You need to:
- Get a GitHub Account and install VSCode, connecting both (maybe obvious step)
- Install Brew (I like having al my packages managed by brew, not a requirement, but can make it easier)
- Install Anaconda
- Install Docker (via Brew or installer)
- Follow the innital Docker videos (about 15 minutes to complete)

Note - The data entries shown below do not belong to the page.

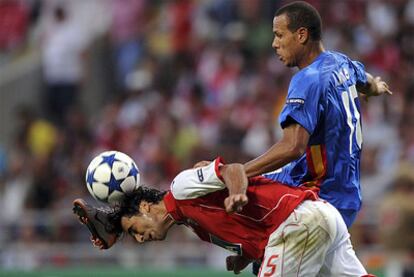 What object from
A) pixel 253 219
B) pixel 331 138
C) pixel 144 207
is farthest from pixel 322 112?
pixel 144 207

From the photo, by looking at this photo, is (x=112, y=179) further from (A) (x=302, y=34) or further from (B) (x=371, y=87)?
(B) (x=371, y=87)

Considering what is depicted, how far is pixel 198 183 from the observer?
23.7 feet

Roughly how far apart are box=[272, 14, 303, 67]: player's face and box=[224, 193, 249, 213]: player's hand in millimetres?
1201

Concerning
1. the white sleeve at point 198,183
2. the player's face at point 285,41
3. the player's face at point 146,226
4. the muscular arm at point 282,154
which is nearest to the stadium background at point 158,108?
the player's face at point 146,226

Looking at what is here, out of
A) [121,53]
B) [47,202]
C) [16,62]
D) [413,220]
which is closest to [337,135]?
[413,220]

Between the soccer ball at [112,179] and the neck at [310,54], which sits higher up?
the neck at [310,54]

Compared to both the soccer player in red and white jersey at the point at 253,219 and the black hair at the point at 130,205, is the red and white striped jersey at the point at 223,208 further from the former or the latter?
the black hair at the point at 130,205

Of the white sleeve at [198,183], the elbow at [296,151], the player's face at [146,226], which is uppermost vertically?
the elbow at [296,151]

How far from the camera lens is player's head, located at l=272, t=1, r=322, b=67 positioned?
757cm

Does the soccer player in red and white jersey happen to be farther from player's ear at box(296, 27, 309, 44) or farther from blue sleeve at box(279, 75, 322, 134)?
player's ear at box(296, 27, 309, 44)

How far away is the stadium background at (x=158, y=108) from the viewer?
45.4 ft

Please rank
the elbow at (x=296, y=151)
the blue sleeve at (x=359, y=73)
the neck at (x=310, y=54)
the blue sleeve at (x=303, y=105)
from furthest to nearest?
1. the blue sleeve at (x=359, y=73)
2. the neck at (x=310, y=54)
3. the blue sleeve at (x=303, y=105)
4. the elbow at (x=296, y=151)

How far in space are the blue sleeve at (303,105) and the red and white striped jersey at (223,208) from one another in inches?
16.9

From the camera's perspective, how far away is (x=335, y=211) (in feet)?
23.9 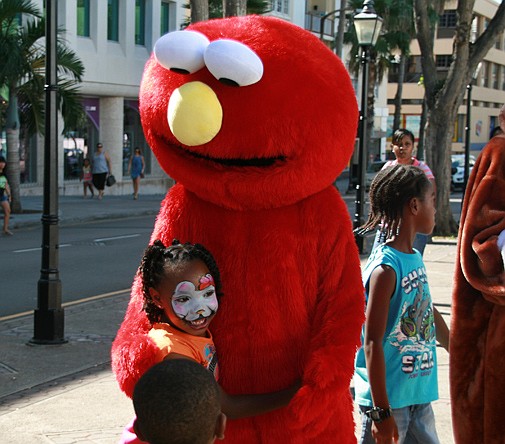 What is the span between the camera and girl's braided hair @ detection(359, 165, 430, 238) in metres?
3.70

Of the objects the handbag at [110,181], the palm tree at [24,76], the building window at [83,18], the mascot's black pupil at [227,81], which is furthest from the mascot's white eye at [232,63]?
the building window at [83,18]

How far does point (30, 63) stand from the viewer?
1931 centimetres

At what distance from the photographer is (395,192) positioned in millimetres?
3725

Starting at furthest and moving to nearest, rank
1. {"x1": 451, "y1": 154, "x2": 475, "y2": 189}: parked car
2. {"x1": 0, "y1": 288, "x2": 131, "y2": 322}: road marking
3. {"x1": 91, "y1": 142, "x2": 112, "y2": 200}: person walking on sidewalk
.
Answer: {"x1": 451, "y1": 154, "x2": 475, "y2": 189}: parked car → {"x1": 91, "y1": 142, "x2": 112, "y2": 200}: person walking on sidewalk → {"x1": 0, "y1": 288, "x2": 131, "y2": 322}: road marking

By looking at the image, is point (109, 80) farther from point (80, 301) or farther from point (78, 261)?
point (80, 301)

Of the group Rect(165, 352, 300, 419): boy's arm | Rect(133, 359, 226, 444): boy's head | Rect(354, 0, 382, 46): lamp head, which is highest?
Rect(354, 0, 382, 46): lamp head

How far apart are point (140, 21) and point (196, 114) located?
2899 centimetres

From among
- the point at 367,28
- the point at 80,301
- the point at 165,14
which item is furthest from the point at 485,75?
the point at 80,301

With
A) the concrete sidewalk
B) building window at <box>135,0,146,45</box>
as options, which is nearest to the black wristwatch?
the concrete sidewalk

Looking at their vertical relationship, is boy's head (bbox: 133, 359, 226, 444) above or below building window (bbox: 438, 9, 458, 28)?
below

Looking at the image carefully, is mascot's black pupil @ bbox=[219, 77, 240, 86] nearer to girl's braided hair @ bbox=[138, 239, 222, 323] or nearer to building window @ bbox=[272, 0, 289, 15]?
girl's braided hair @ bbox=[138, 239, 222, 323]

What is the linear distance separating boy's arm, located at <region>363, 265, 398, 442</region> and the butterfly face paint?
0.75 metres

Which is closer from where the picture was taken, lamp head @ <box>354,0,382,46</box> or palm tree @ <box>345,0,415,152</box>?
lamp head @ <box>354,0,382,46</box>

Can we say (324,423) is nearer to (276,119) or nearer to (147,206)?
(276,119)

- Install terraform (via Homebrew)
- Anaconda 🐍
- Google Cloud Platform
- Docker 🐟
- TIPS 🔔
- USEFUL BASH Commands ⌨️
- USEFUL Docker 🐟
- Connect to POSTGRES with pgcli
- Convert Jupyter File to Python Script
Since you’ve already installed Anaconda with Homebrew, follow these steps to set it up:
-
Verify Anaconda Installation:
conda --version
If this works, Anaconda is installed properly. If not, ensure it is added to your system's PATH. -
Create a Python 3 Environment:
conda create --name data_engineering python=3.10
Replace data_engineering with your preferred environment name. -
Activate the Environment:
conda activate data_engineering
-
Test Python Installation:
python --version
Ensure it outputs a Python 3 version.
If there is an issue with homebrew:
conda config --set auto_activate_base false
conda activate base
-
Create a project in your Google Cloud Platform
-
Look for VM instances
You might need to enable it.
Since it's a new project, it will be empty.
Docker is a tool that helps you package your application and everything it needs (like libraries, tools, and settings) into a container. A container ensures your application will run the same way, no matter where you run it.
- Don't use comments in the same line in the
dockerfile
or you will have issues in building / running your image. - Extra spaces and missing backslash will give you issues when running commands on the shell. No spaces should exist around the
=
in key-value pairs. - CTRL+D to end process in the shell.
- 🚨 If you change anything in a dockerfile/yaml you need to build it again.
- SHELL is how you interact with the command line. You can check which shell you are using by running
echo $SHELL
. - Docker compose creates a network of images based on what you set on the file
.yaml
:
docker compose up -d --build
(so if you're using docker compose you don't need to manually create the network like we did in the first videos) - A container should do only one thing (and do it well).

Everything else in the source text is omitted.